[Cryptography] New way to produce random bits much faster

Jeff Harvey mail.harvey at gmail.com
Sun Feb 28 14:33:31 EST 2021


A long time lurker, I am pleased to have something to contribute to this
discussion as a physicist and as an advocate for open access to research
papers.

I find the quality of Phys.org articles to be routinely sub-par. The Yale
press release does a much better job, but is still mostly just a press
release. Fortunately in physics it has long been a nearly universal
practice to publish on the arxiv preprint server before ending up paywalled
in Science. You can find that article here: https://arxiv.org/abs/2004.07157

My synopsis would be that they have a device that makes a laser beam
version of static on the TV screen, and they've used the geometry of the
space to refine the focusing of the static so that it is less smeared out
or otherwise repetitive in time and for that reason less random.
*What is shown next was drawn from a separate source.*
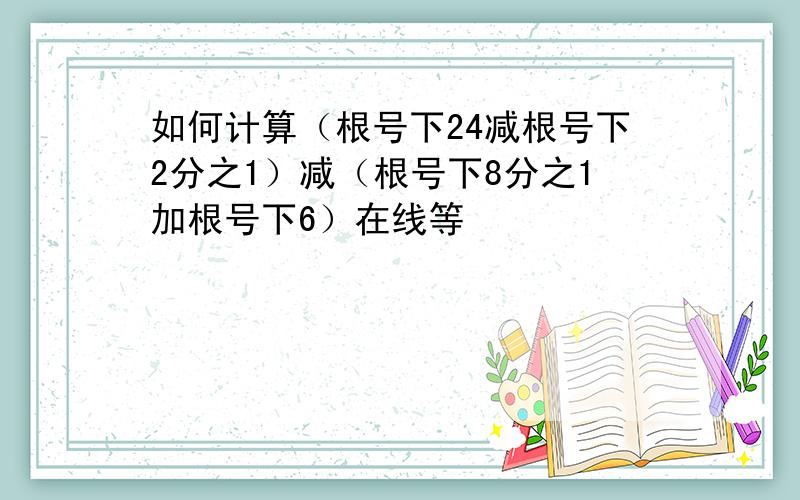 如何计算（根号下24减根号下2分之1）减（根号下8分之1加根号下6）在线等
But
they're a ways off from truly having a device they can sell you or
something that is as fast as the headlines might claim.

Figure 2 in the paper shows the improvements in focusing of their speckle
pattern by tuning the shape of the cavity, which you can see pretty clearly
with your eyes without understanding too much of the underlying physics.
The 'quantum' buzzword may get thrown around, along with stimulated
emission. Because the laser is being reflected off of a material, atoms are
absorbing the light and then re-emitting the light (this is what reflection
is), and the exact timing of this is random. The reflecting laser light
interferes and produces a speckle pattern that is constantly shimmering and
changing due to the underlying quantum mechanical processes. This all seems
physically sound.

Figure 3 is giving you a picture of what their speckle pattern data might
look like, and how that changes over time.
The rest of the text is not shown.